*Source material:*
---

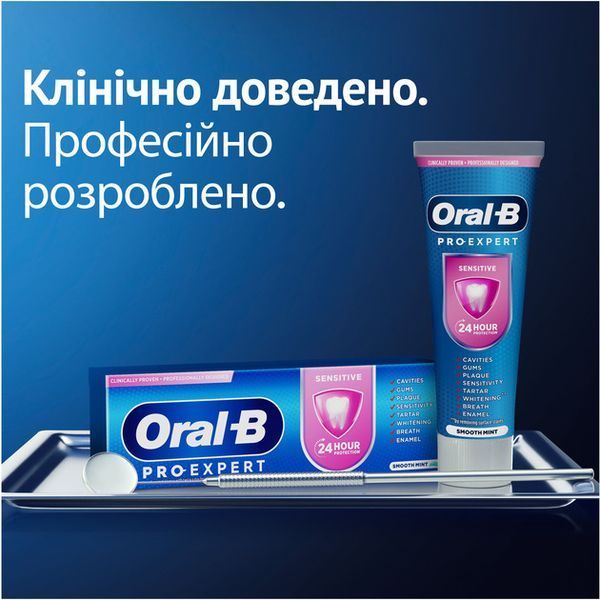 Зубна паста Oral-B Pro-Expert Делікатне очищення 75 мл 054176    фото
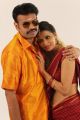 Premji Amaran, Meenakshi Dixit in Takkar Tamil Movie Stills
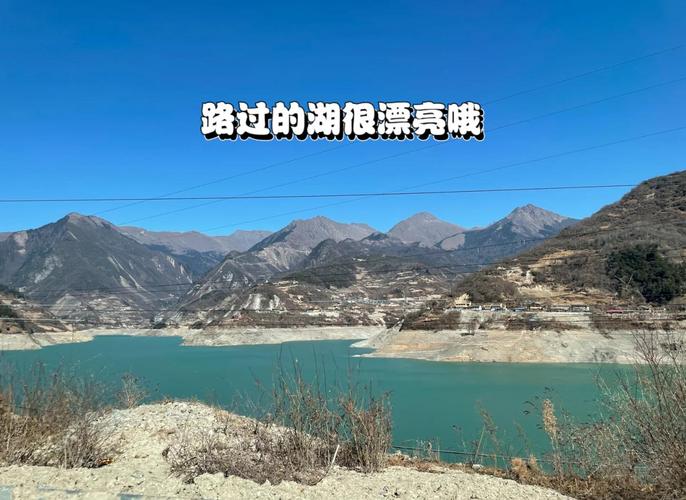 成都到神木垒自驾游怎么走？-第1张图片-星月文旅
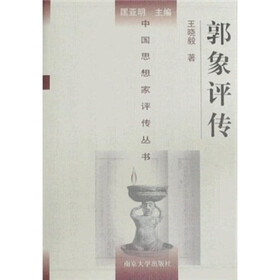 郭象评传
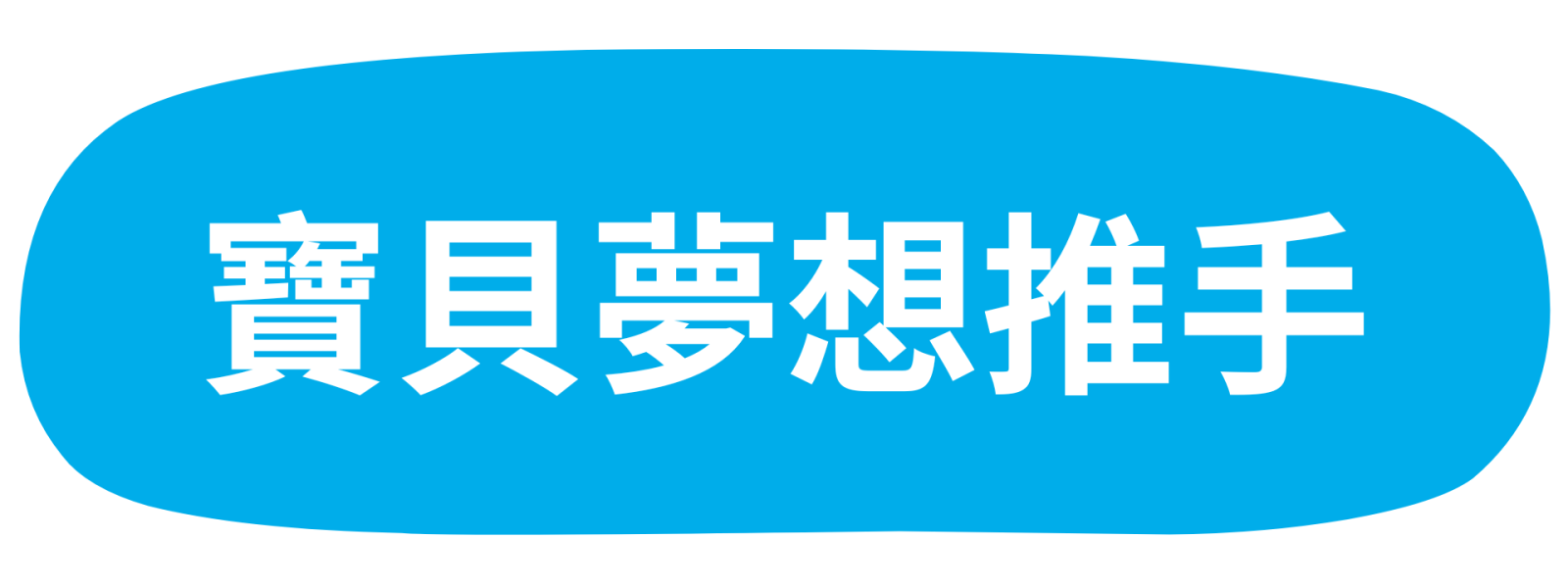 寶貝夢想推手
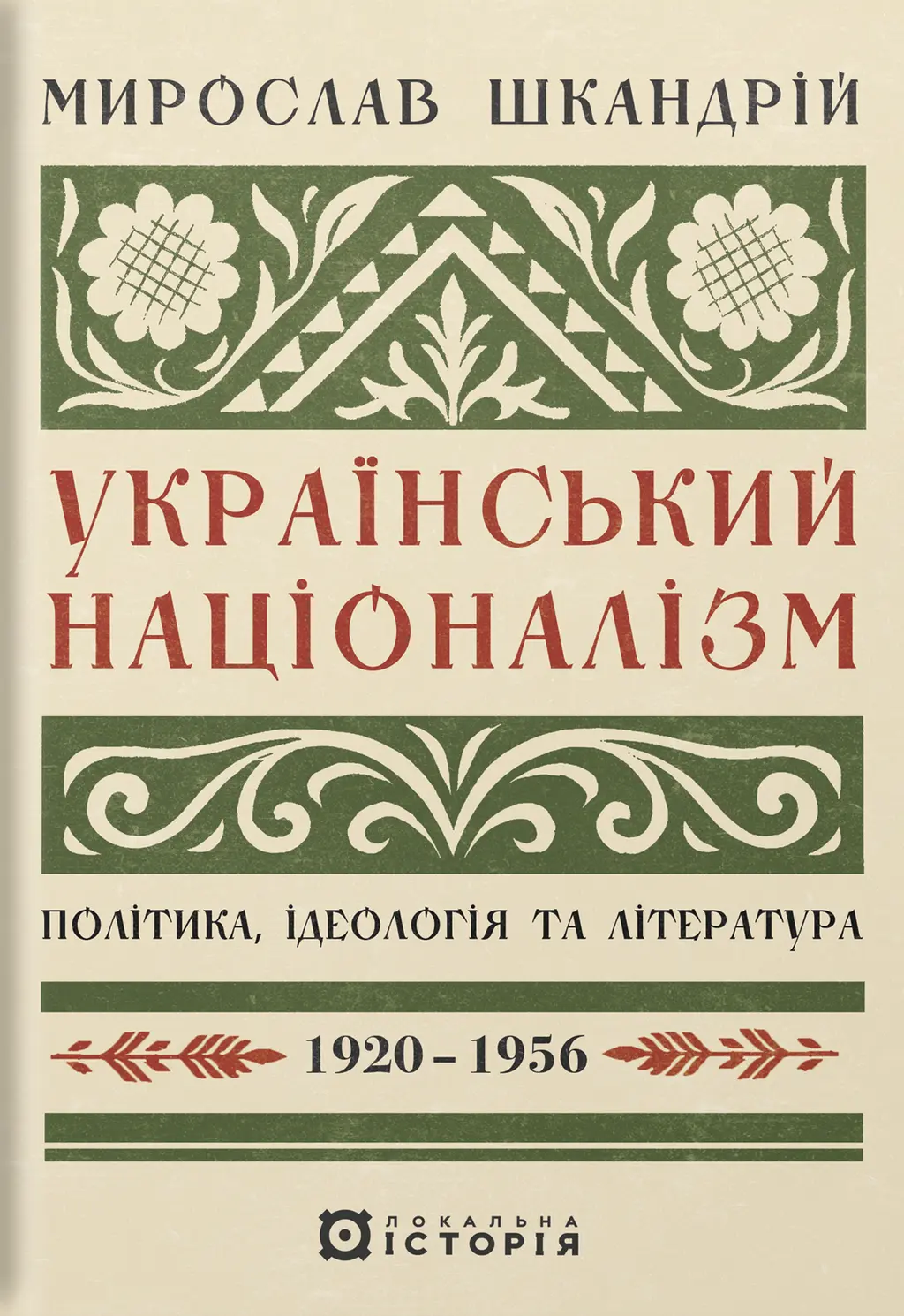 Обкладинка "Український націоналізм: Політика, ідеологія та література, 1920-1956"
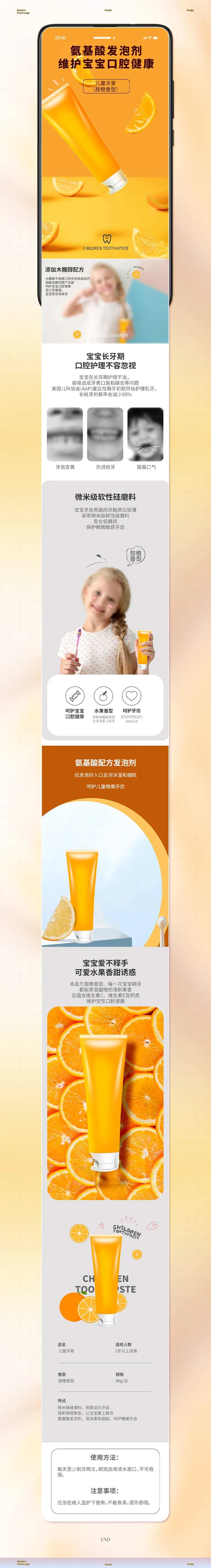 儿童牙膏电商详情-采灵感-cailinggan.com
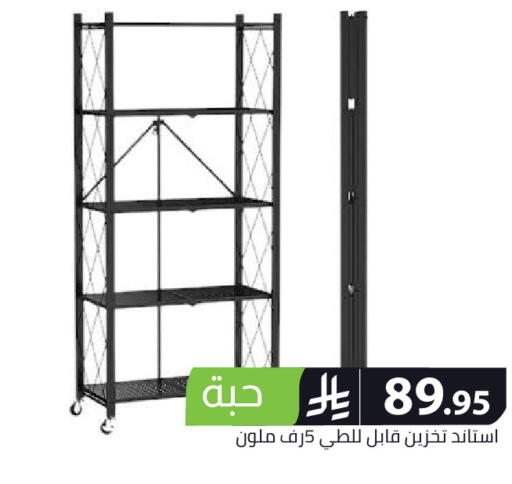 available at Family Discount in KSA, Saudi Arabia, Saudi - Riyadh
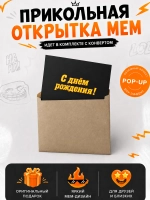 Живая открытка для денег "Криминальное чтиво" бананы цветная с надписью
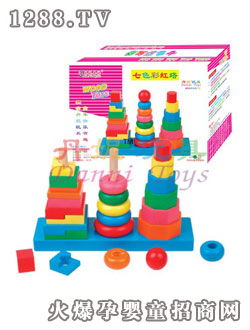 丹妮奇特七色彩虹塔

---

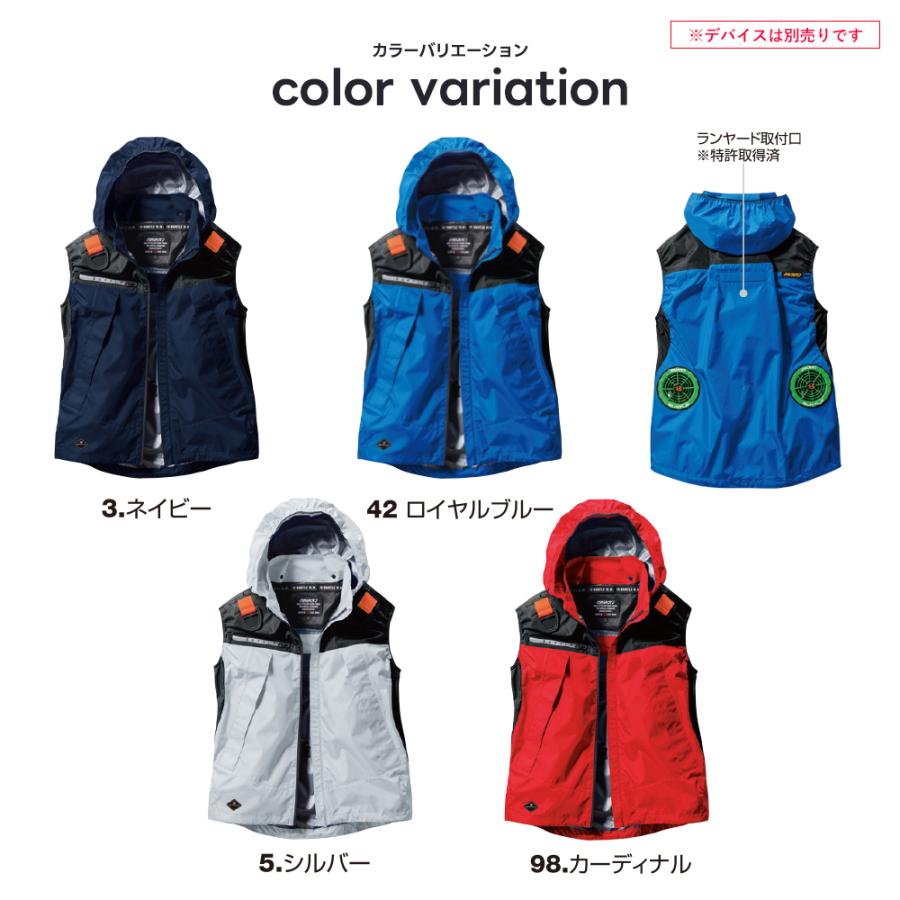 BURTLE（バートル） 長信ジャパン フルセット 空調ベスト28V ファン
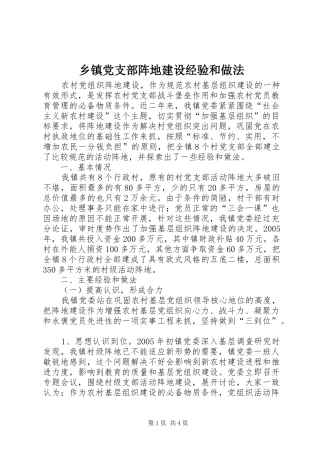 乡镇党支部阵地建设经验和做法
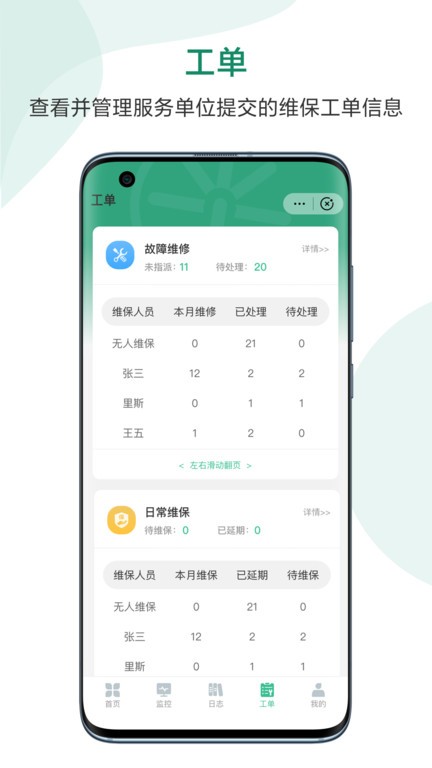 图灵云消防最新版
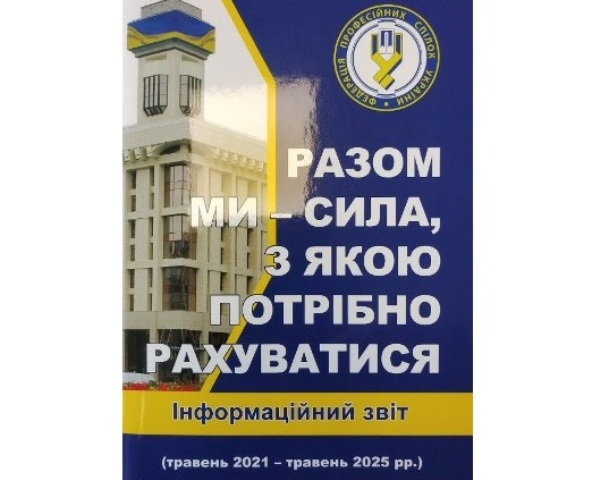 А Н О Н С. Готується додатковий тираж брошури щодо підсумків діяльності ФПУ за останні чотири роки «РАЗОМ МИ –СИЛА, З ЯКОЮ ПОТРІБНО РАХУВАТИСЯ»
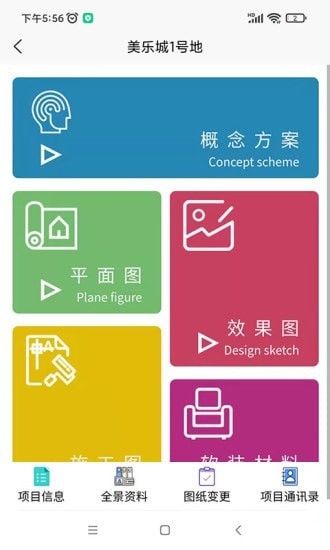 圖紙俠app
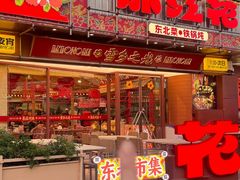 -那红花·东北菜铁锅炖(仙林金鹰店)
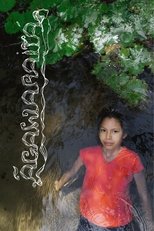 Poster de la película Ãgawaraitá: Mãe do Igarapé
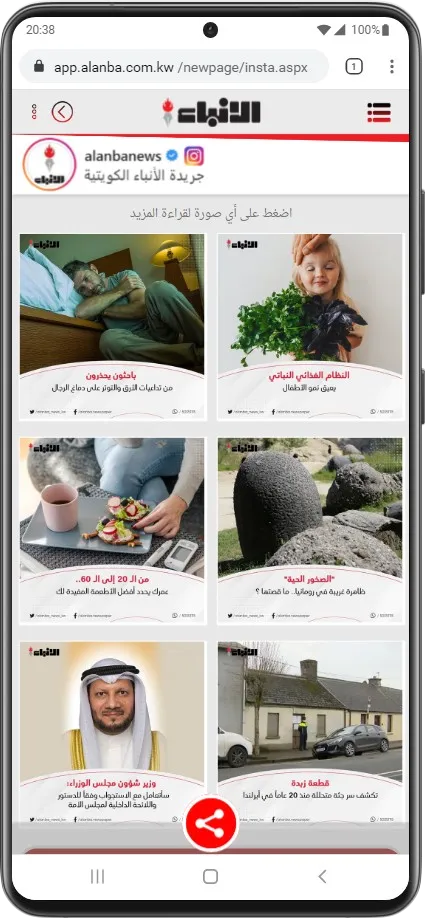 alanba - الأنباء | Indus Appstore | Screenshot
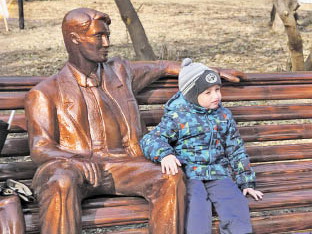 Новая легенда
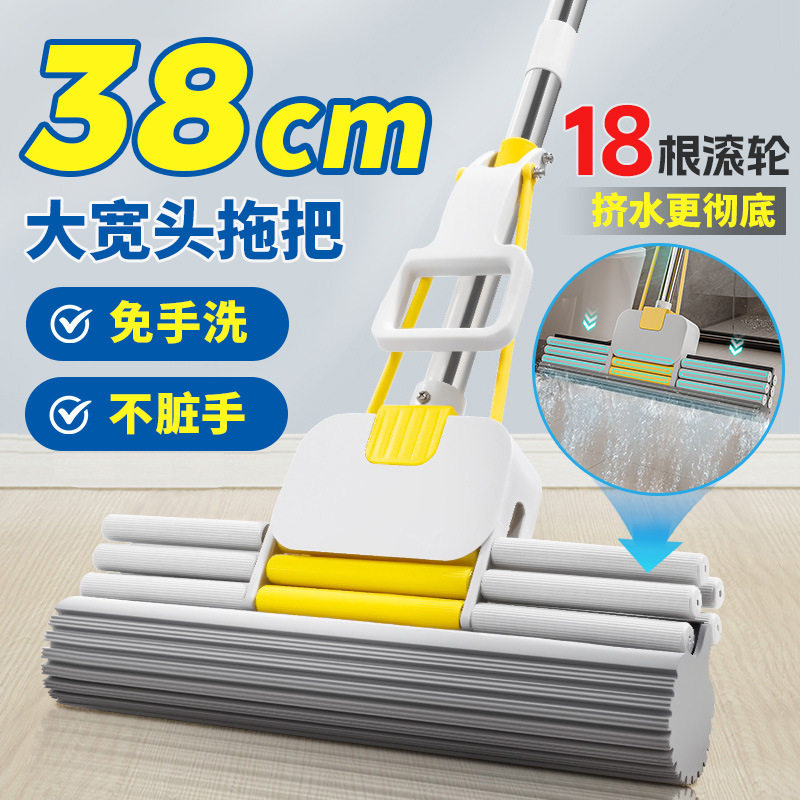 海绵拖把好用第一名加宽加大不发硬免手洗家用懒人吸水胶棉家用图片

---

*Problem to solve:* Transcribe the lines above exactly, beginning at the one with "Новая легенда" and ending at the one with "海绵拖把好用第一名加宽加大不发硬免手洗家用懒人吸水胶棉家用图片". Include both; exclude the pictures.

*Solution to this problem:*
 Новая легенда
 海绵拖把好用第一名加宽加大不发硬免手洗家用懒人吸水胶棉家用图片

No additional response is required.